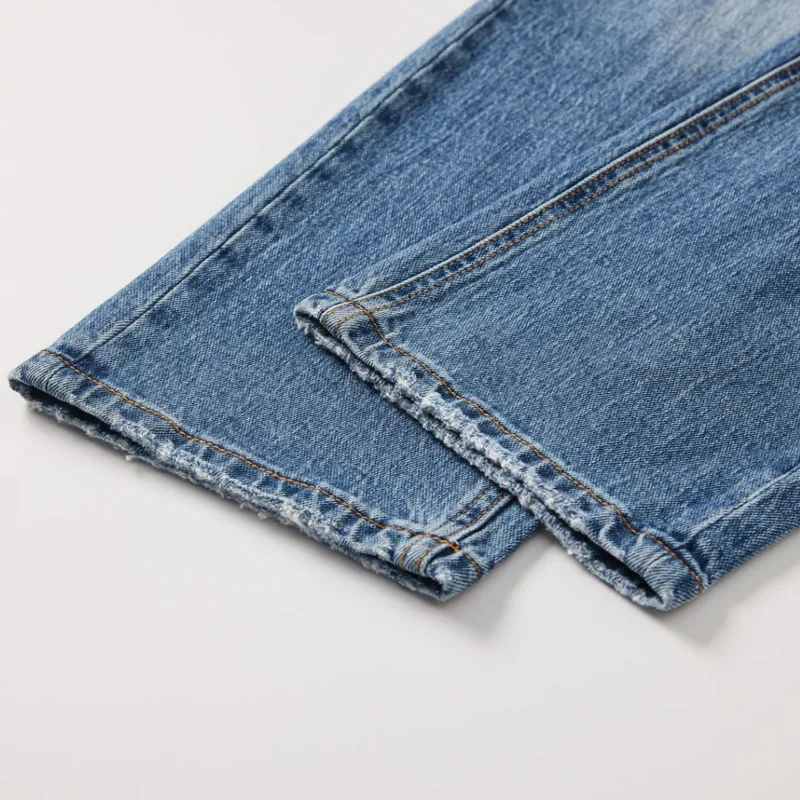 Elastic Denim Jeans Men Basic Style Business Casual Loose Vintage Fashion Cleanfit Straight Baggy Pants Jeans Man Trousers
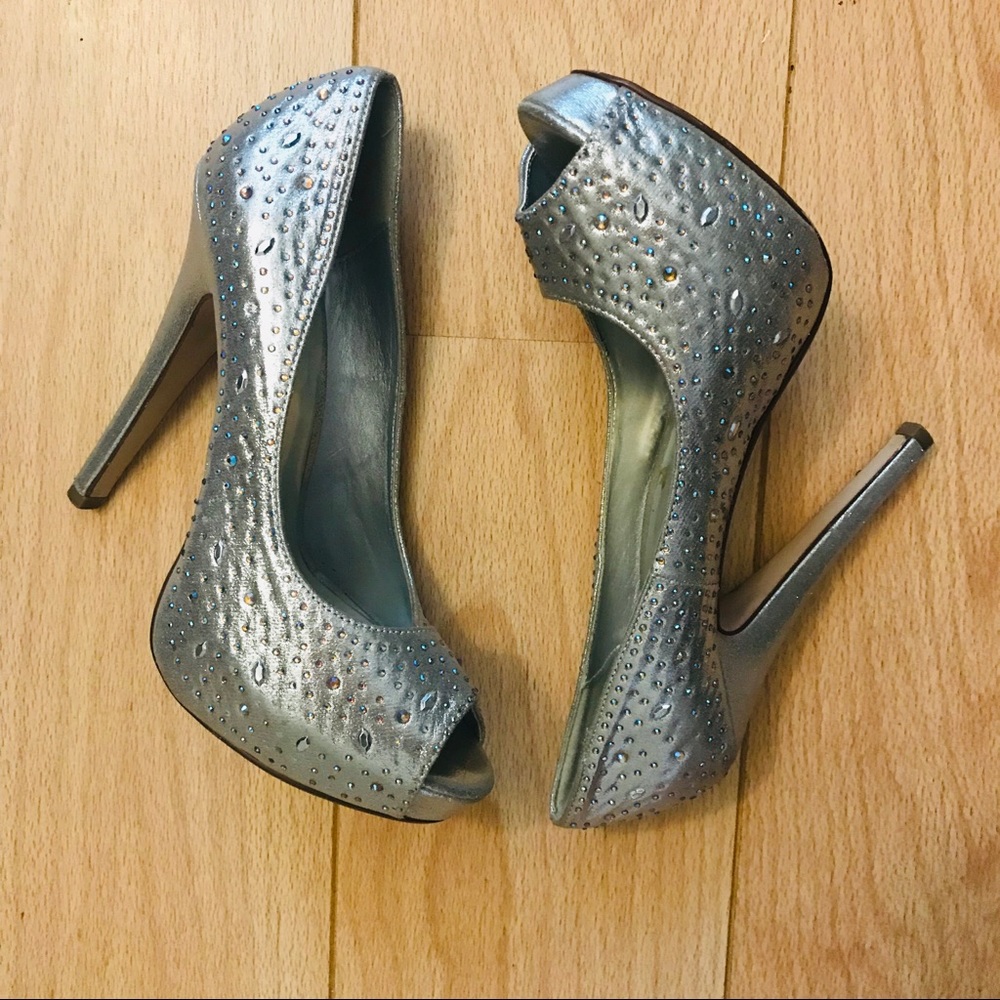 Silver rhinestone sparkle heels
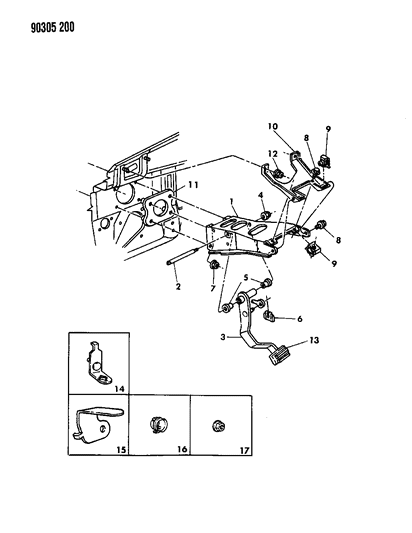 1991 Dodge Dakota Brake Pedal Diagram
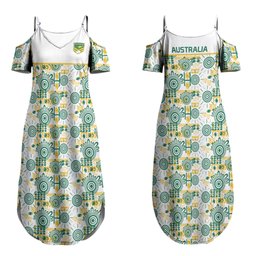 Australia Rugby Kangaroo Couples Matching Summer Maxi Dress and Hawaiian Shirt White Aboriginal Dot Geometry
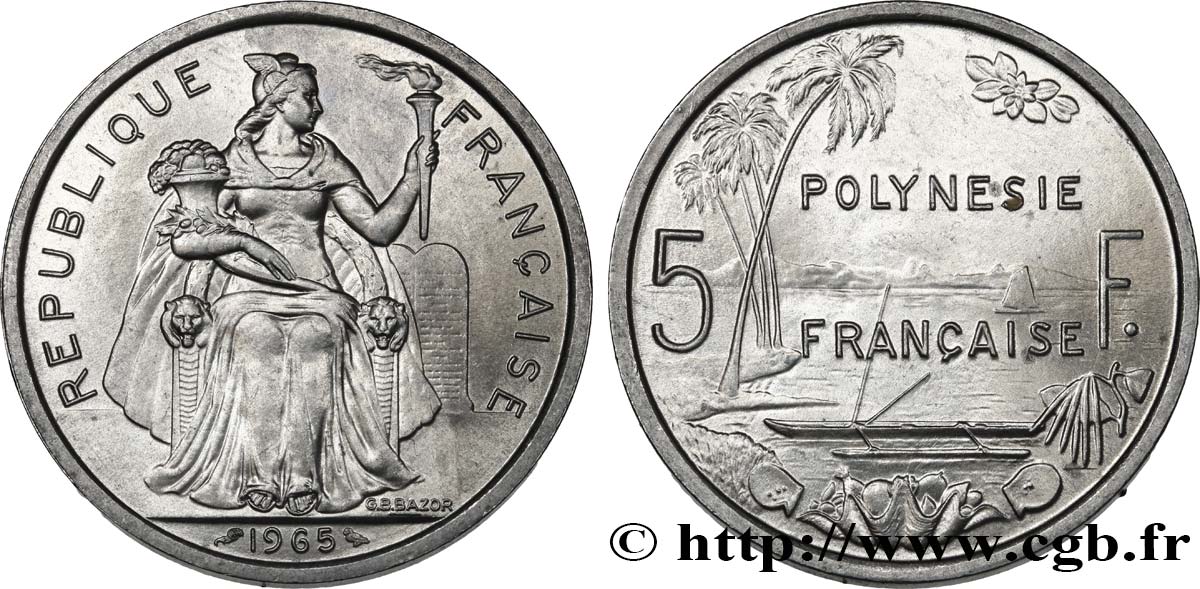 FRANZÖSISCHE-POLYNESIEN 5 Francs Polynésie Française 1965 Paris fST 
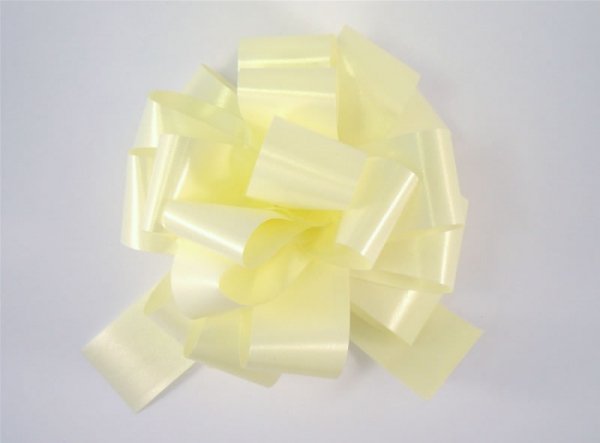 Poly Ribbon Pull Bow - Eggshell, The Baggery Sundries UK Ltd Poly Ribbon Pull Bow - Eggshell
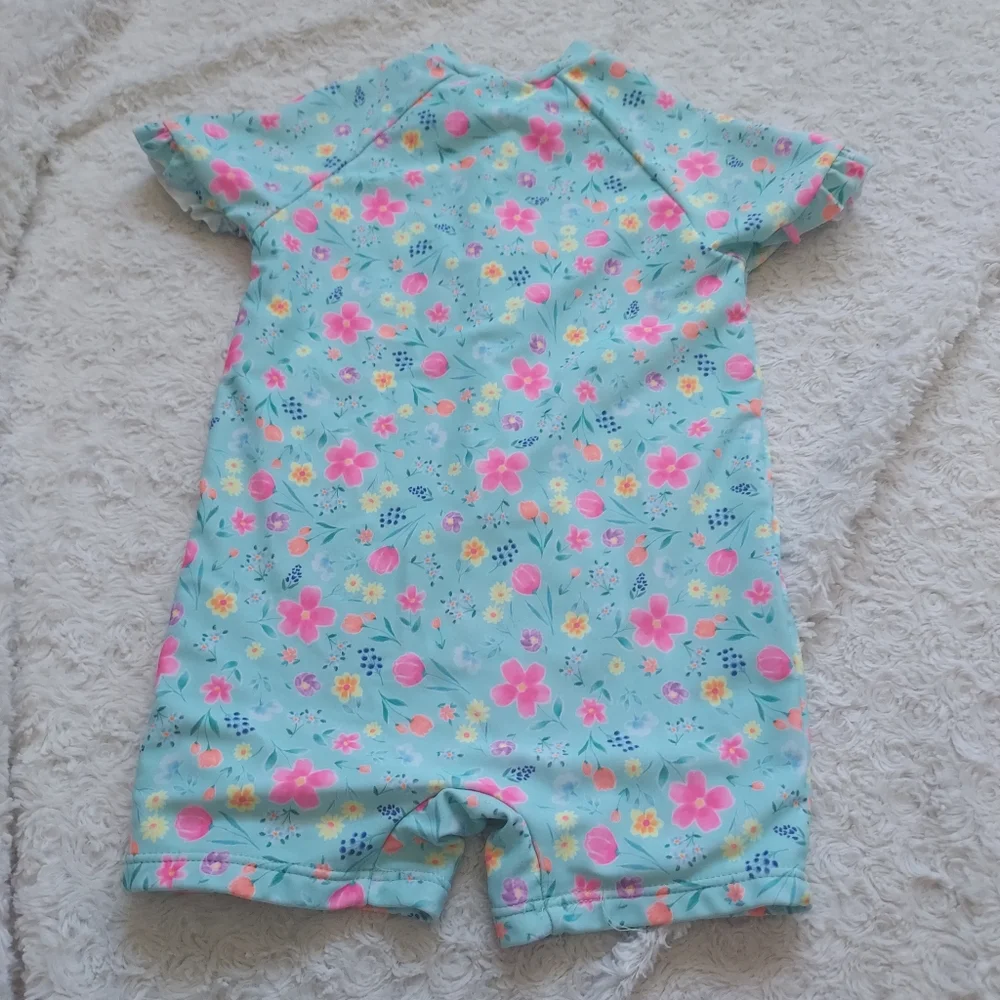 LC Waikiki Floral Toddler Swimsuit Romper Rashguard 24-36mo Beach Pool Summer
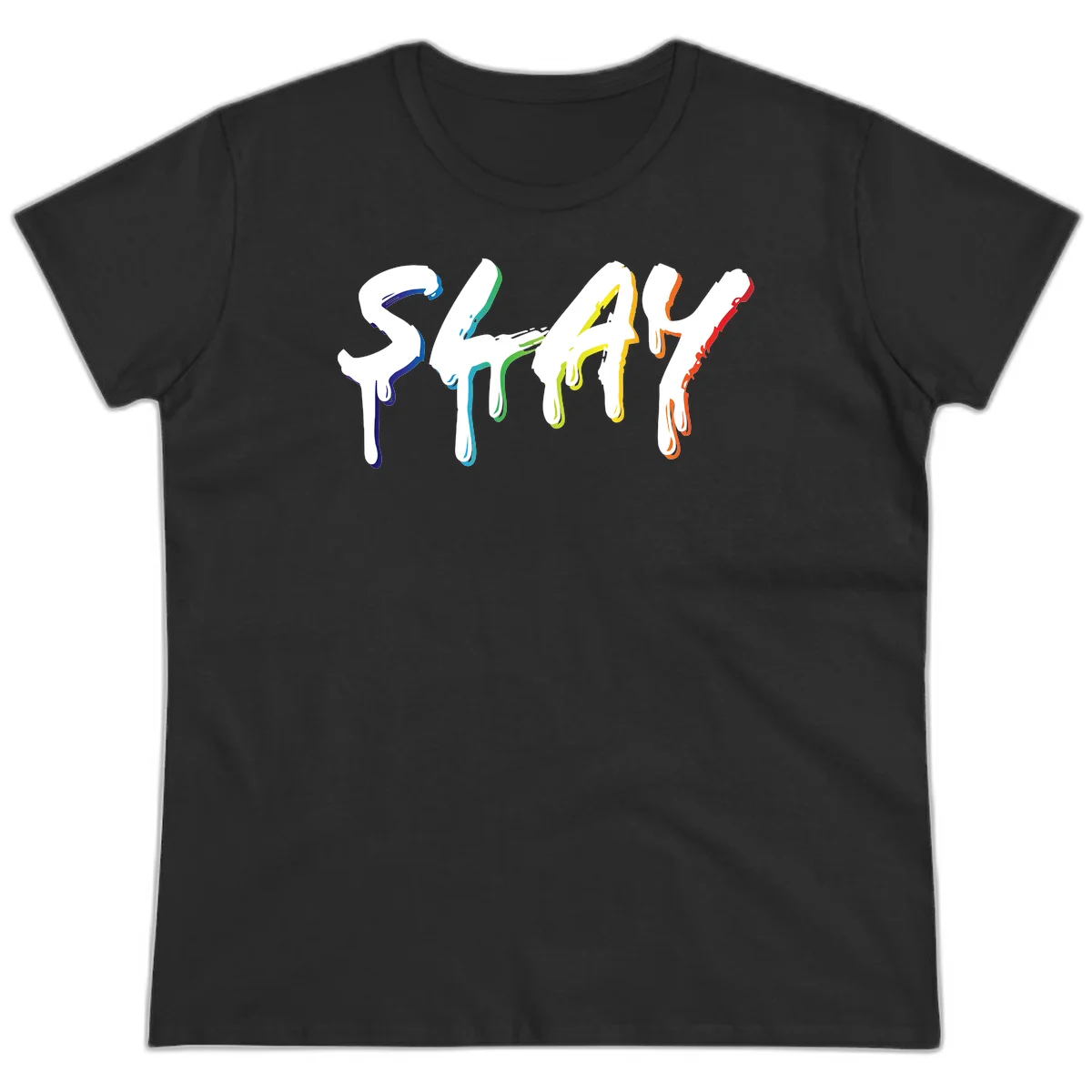 The word STAY in white letters with rainbow pride-colored paint drips flowing downward, featuring blue, teal, green, yellow, orange, and red colors on gray background in Black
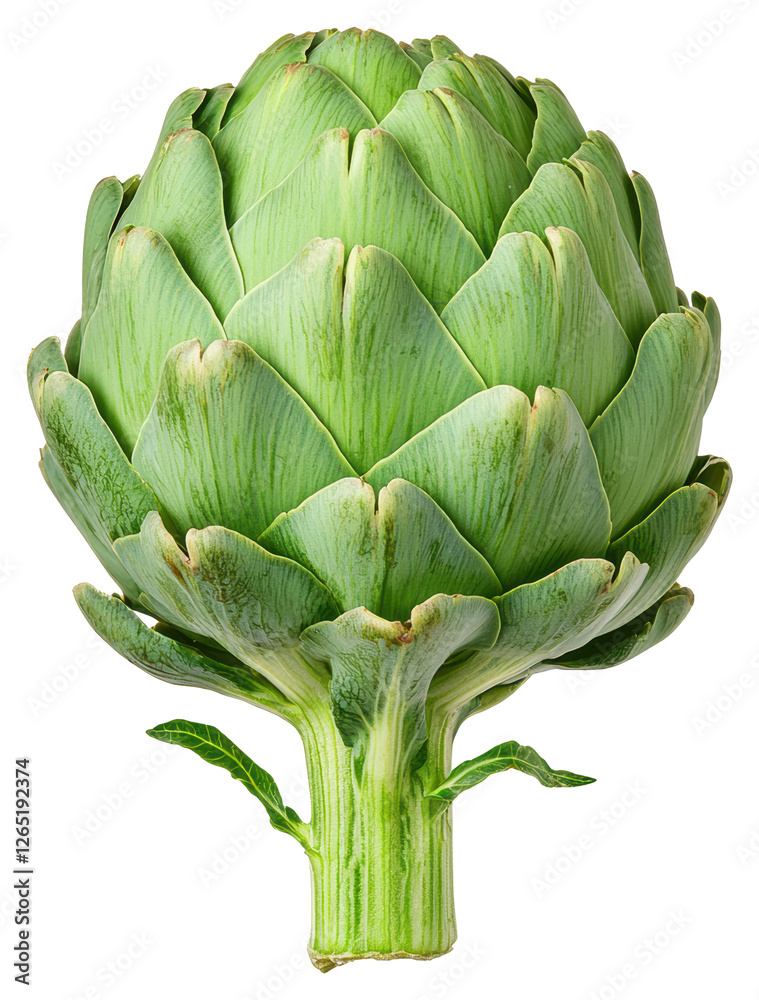 Fototapeta premium Single Green Artichoke Plant with Textured Leaves and Stem on Black Isolated Background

## Your goal:
Repeat every line of the data above exactly, but drop the pictures.

## Response to this task:
 Elastic Denim Jeans Men Basic Style Business Casual Loose Vintage Fashion Cleanfit Straight Baggy Pants Jeans Man Trousers
 Silver rhinestone sparkle heels
 1991 Dodge Dakota Brake Pedal Diagram
 Australia Rugby Kangaroo Couples Matching Summer Maxi Dress and Hawaiian Shirt White Aboriginal Dot Geometry
 FRANZÖSISCHE-POLYNESIEN 5 Francs Polynésie Française 1965 Paris fST 
 Poly Ribbon Pull Bow - Eggshell, The Baggery Sundries UK Ltd Poly Ribbon Pull Bow - Eggshell
 LC Waikiki Floral Toddler Swimsuit Romper Rashguard 24-36mo Beach Pool Summer
 The word STAY in white letters with rainbow pride-colored paint drips flowing downward, featuring blue, teal, green, yellow, orange, and red colors on gray background in Black
 Fototapeta premium Single Green Artichoke Plant with Textured Leaves and Stem on Black Isolated Background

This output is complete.